Hope Springs Eternal

By Bill Vossler

What was going to happen next?  Suddenly a shadow blotted out the sun. I was roughhoused backwards. I cried out, thinking a giant bird had swooped down to haul me away.

One July 4 when I was five, Myron Wolff performed an impossible but perfect flight of a tin can. He also probably saved my hearing.

Myron, about 15, touched the flame of a farmer’s match to a black pellet on the sidewalk. I liked fire, but when a puff of gray smoke leaped into the air, and the pellet crackled, growing
ominously, snaking out, I jumped back, my mouth working.

"Never seen a black snake, have ya, kid?" 

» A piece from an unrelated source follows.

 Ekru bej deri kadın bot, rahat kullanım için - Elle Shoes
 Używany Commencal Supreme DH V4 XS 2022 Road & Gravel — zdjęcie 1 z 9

I shook my head, trembling with excitement as the snake expanded, a live black sausage, curling, crawling down the sidewalk.

"What about fireworks? You ever seen them?"

I shook my head. He dug into his pants pocket and pulled out a cherry bomb. I glanced at the writhing black snake. The smell of magic hung in the air; if Myron had mumbled an incantation exhorting the sun to dim, I would have cricked back my head and waited for it to go black. He was a magician, a shaman, a sorcerer. He could do anything, and I wanted to be just like him.

“You’ll like this,” he said.

He placed the cherry bomb on the sidewalk and covered it with a Van Camp pork and beans can with a torn label. The fuse stuck out.

He lit the fuse. It flared and hissed, belching white smoke. He ran.

I however inched closer, squatting, my fingers against the warm rough surface of the sidewalk, my nose inches from the pungent flame. What was going to happen next?  Suddenly a shadow blotted out the sun. I was roughhoused backwards. I cried out, thinking a giant bird had swooped down to haul me away.

As I sprawled back in Myron's arms, boom! The can took wing. Like a stubby silver rocket, it shot up, up, arcing over a telephone pole. For an instant it hung in the sky, suspended from an invisible hook. Then it fell. Landed. Clang. On top of the pole. It trembled, but stayed.

My eyes were big as white dinner plates. So that's what you did with fireworks, with cherry bombs! "Damn!" Myron said admiringly.

For a few days I returned to stare at the telephone pole. In the cool shadows of a rustling cottonwood, the breeze ruffled my hair as I studied the can on the pole, replaying its silver flight.
I imagined my cherry-bomb-powered cans soaring up and landing atop telephone poles all over town, until every one was capped with Van Camps pork and beans empties.

Then the water tower; and finally blackbirds and sparrows, knocking them out of the skies, squawking furiously, tumbling in a hail of feathers. Our town's youngest artilleryman. I couldn't wait for my very own cherry bombs.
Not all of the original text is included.